Il Palazzo Reale di Milano ospita una mostra dedicata alla genesi e allo sviluppo del linguaggio figurativo di Umberto Boccioni, uno dei maggiori esponenti dell’avanguardia italiana del primo Novecento. Con le opere esposte si ripercorre la continua ricerca di nuovi registri tematici ed espressivi portata avanti dall’artista attraverso il continuo dialogo con altri autori, contemporanei e non, con cui si è confrontato durante tutto l’arco della sua vita.

Il lavoro di Boccioni si svela nella sua interezza come un vero e proprio viaggio tra l’oggi e il domani. Dipinti, statue e disegni sono scanditi dall’incalzare inarrestabile del tempo.

Come sostenuto nel manifesto tecnico dei pittori futuristi, sottoscritto dall’artista, il mondo è in continuo divenire poiché “tutto volge rapido”.

Così come gli istanti, che si susseguono inflessibili, anche la contemporaneità è mutevole e, pur legata al passato, si protende verso un futuro certo di progresso e vittoria. La sua stessa arte si trasforma, lasciando le forme espressive tradizionali per la ricerca di una spazialità in cui le forme interagiscono con l’ambiente circostante, intersecano luce e spazio, e in cui anche il tempo diventa materia.

Paesaggi e ritratti assumono così nuove forme, dando corpo sulla tela al futuro.

opere umberto boccioni
Le forze di una strada (1911)

Opere Umberto Boccioni: da ieri a oggi

Sono le vedute paesaggistiche ad aprire una prima finestra sulla dimensione passata attraverso il lussureggiare della Campagna romana (1903) ancora incolta e selvatica. Il suo è un vivere denso, come il colore sulla tela. Foglie e fiori si fondono insieme in un mare di colori giustapposti ad esaltare la luminosità della scena. I fusti degli alberi svettano verso il cielo, dando aria al paesaggio che si sviluppa nell’orizzonte.

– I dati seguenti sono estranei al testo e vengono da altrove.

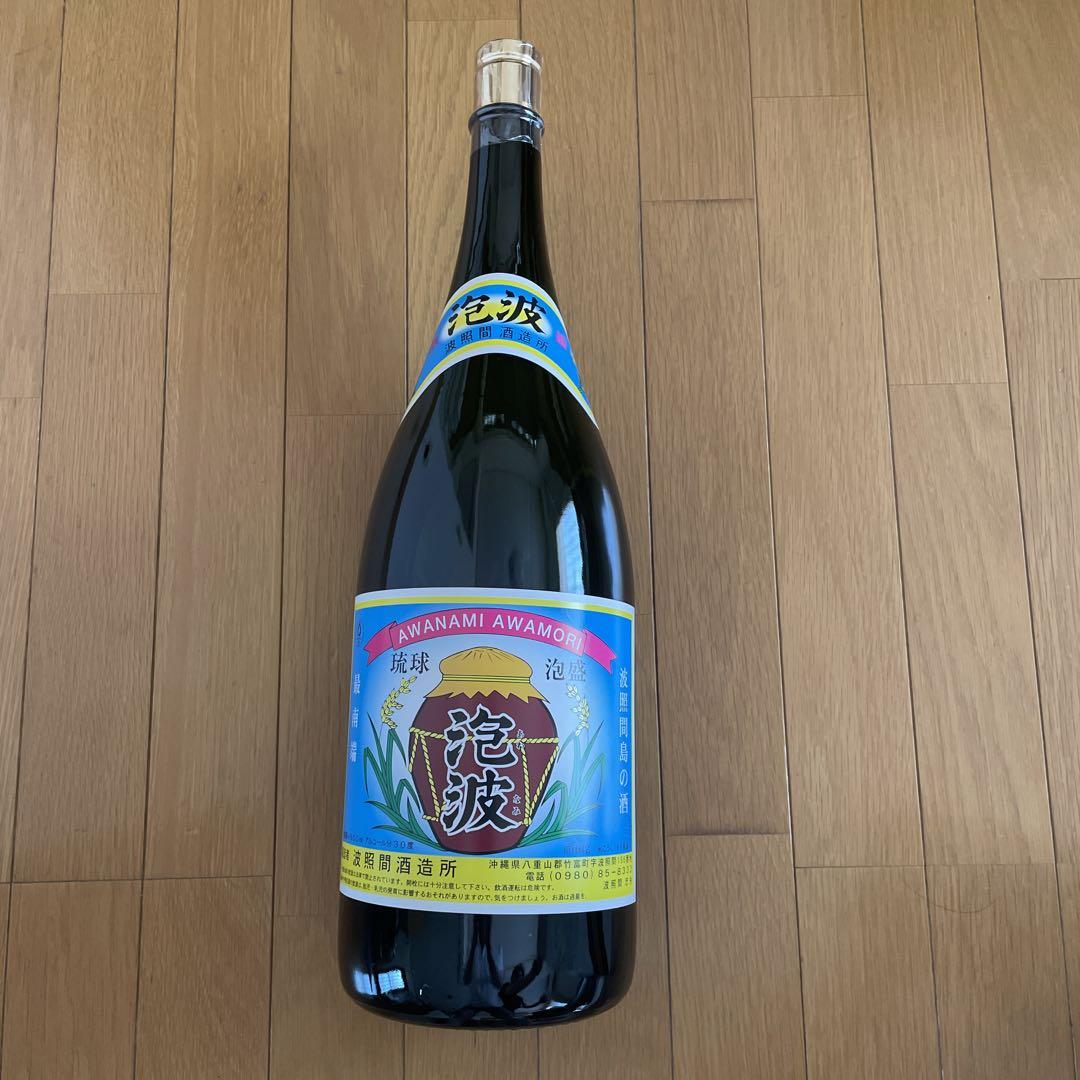 波照間酒造所 泡波 升升半升 4500ml 製造23年11月（本物の波照間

Al disordine vitale delle campagne romane si contrappone l’ordine dei filari e della terra arata di quelle lombarde (1908), natura quest’ultima che sembra programmata per dare i suoi frutti all’uomo. In essa si presagiscono già i segni di un progresso che a breve strapperà alla terra lo spazio vitale per il suo divenire.

L’oggi è già domani.

Il presente nelle opere di Boccioni si popola di contraddizioni e compromessi con la convivenza tra vecchio e nuovo. Palazzi e fabbriche costeggiano i campi, lanciando su di essi le proprie ombre di modernità. L’artista traccia scene in cui le vedute urbane si fondono con quelle paesaggistiche, dividendosi lo spazio della tela come nella realtà.

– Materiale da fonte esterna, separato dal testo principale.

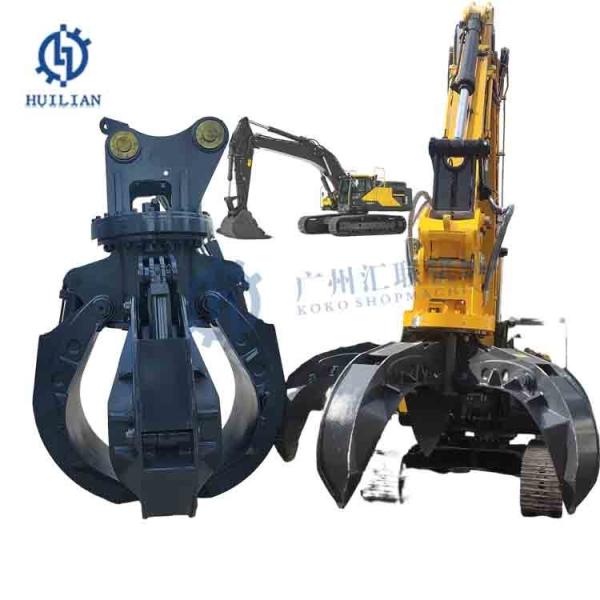 Quality 12ton 18ton 360 Degree Rotation Excavator Spare Parts Hydraulic Rotating Orange Peel Demolition Scrap Rock Grapple for sale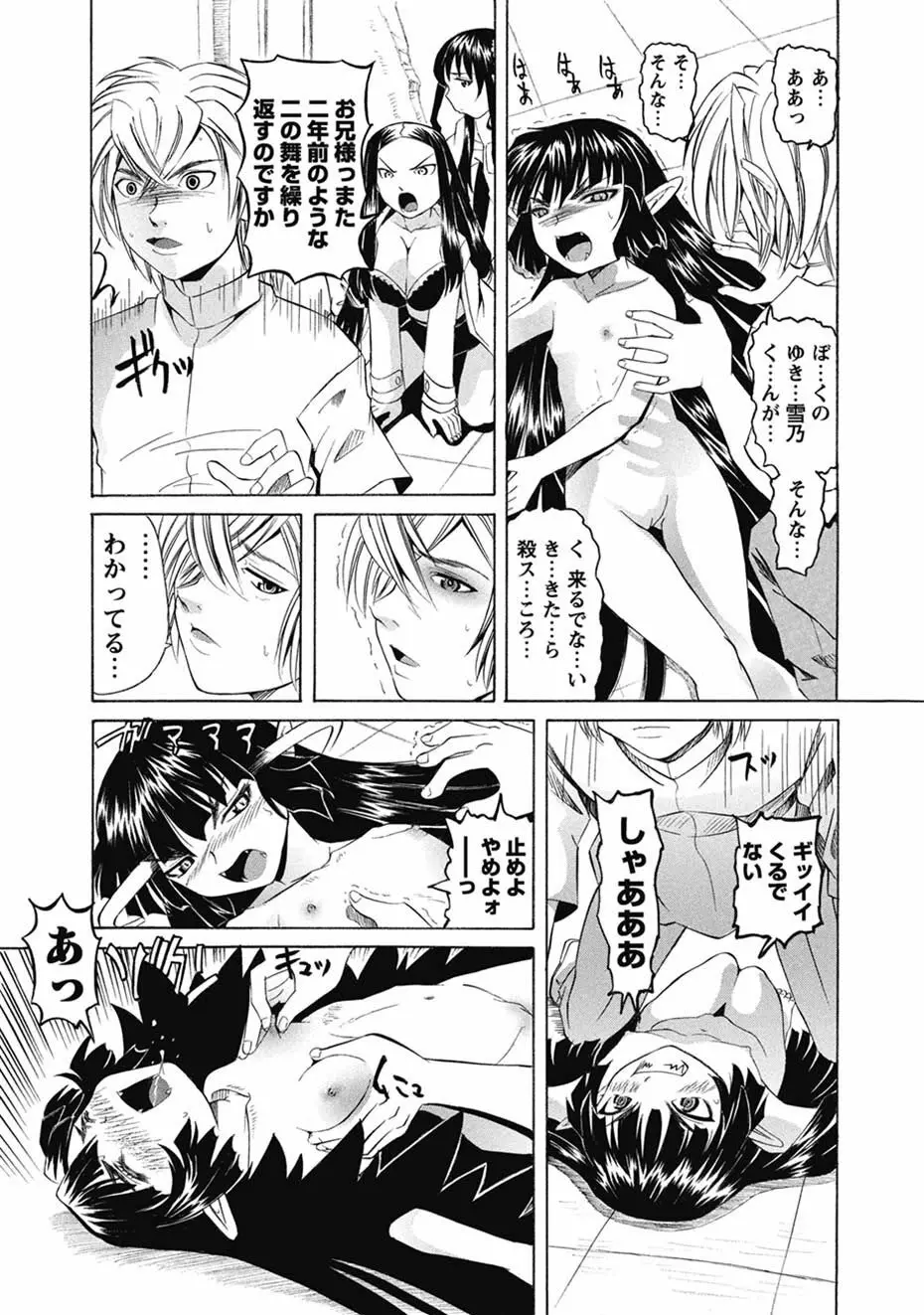 [海星海月] 華陵学園初等部 -淫謀発動縞- Ch.1-13 + -誘惑過激編- Ch.1-9 Page.87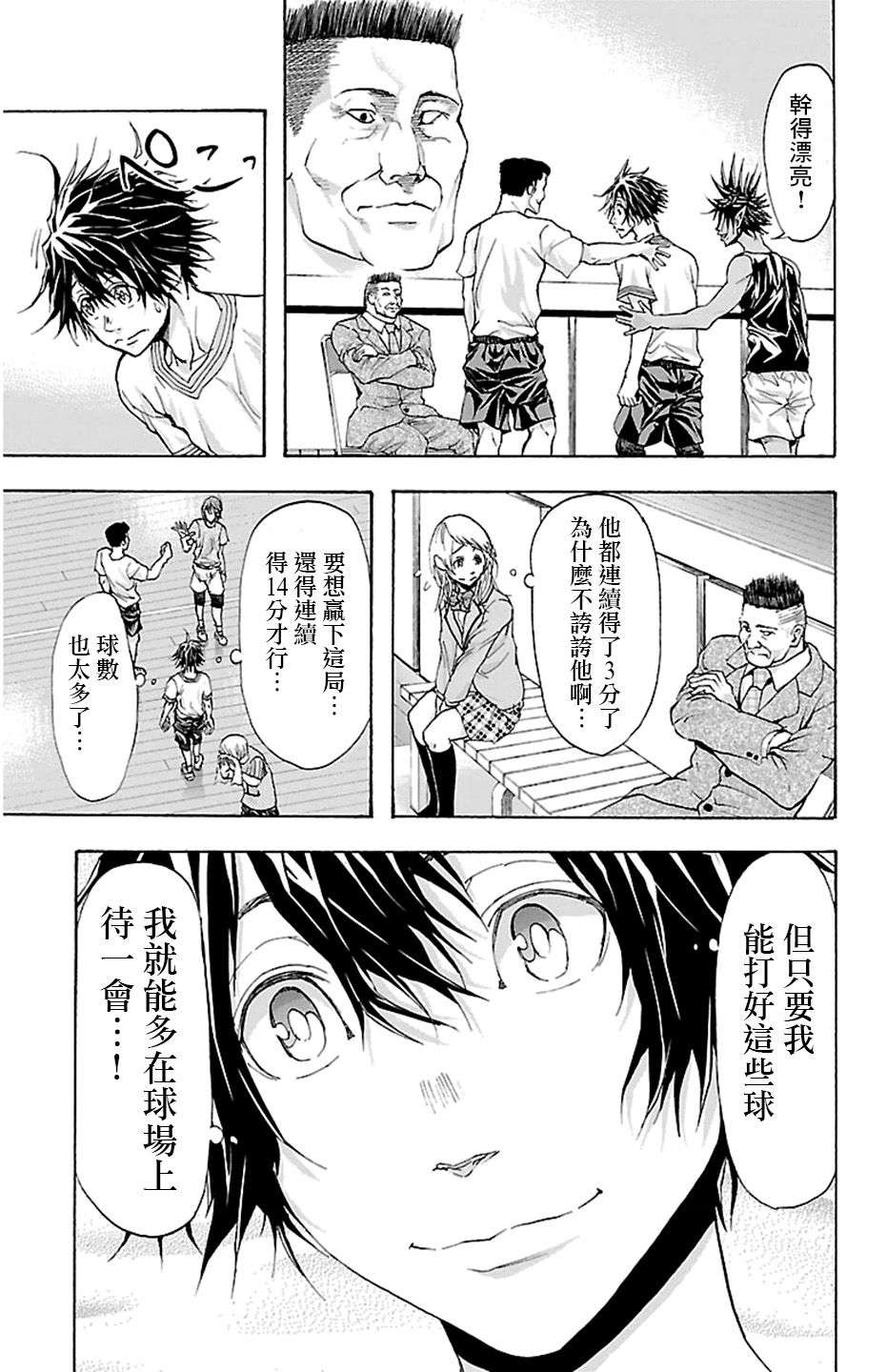 钢索发球第26话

E se l’oggi è ancora sul primo piano delle opere, in cui il passo delle figure è ritmato dall’incedere flemmatico dei buoi, il futuro ne occupa già l’orizzonte che si delinea con gli sbuffi interminabili delle ciminiere industriali. (Il Mattino, 1909; Officine di Porta Romana, 1910).

opere umberto boccioni
Officine di Porta Romana (1910)

“Tutto si muove, tutto corre, tutto volge rapido”.

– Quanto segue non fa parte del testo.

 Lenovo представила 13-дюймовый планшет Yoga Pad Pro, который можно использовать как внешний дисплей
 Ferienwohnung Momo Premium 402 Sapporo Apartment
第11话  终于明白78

Non basta più il profilo delle ciminiere a raccontare il futuro. Il domani si materializza sulle tele di Boccioni sotto forma di paesaggi urbani pullulanti di auto e luci artificiali, di figure umane e animali riprese da più angolazioni, smembrate e ricomposte nella loro continua relazione con lo spazio.

La staticità è abolita ed il tempo diventa un nuovo mezzo di rappresentazione del movimento. Correndo veloce, agitato, questo infatti deforma i corpi che vengono così raffigurati nel susseguirsi di stadi diversi fino a restituire l’idea dello spostamento. La luce viene anch’essa plasmata come materia, diventando tangibile, si trasforma in piani e linee che si scontrano con le altre forme.

Il tempo veloce sfreccia come le ruote dell’automobile ne La città che sale (1910), o segue lo sforzo umano sulle due ruote nel Dinamismo di un ciclista (1913). Macchina e uomo si fondono insieme a rincorrere la rapidità del divenire, fanno del proprio moto pura energia.

opere umberto boccioni
Dinamismo di un ciclista (1913)

Vigore e forza diventano corporei tanto quanto il susseguirsi degli attimi che sulla tela assume l’aspetto di piani che si tagliano ed intersecano all’infinito.

Per Boccioni il futuro diventa intuizione attraverso l’immaginare quale sia la forma unica che dia la continuità di un oggetto in movimento nello spazio. Egli riesce con la propria arte ad anticipare la sagoma del corpo nel suo divenire, le linee si fanno così curve, dolci, seguendo l’avvitarsi delle masse, come se questi lasciassero dietro di sé una scia del moto compiuto.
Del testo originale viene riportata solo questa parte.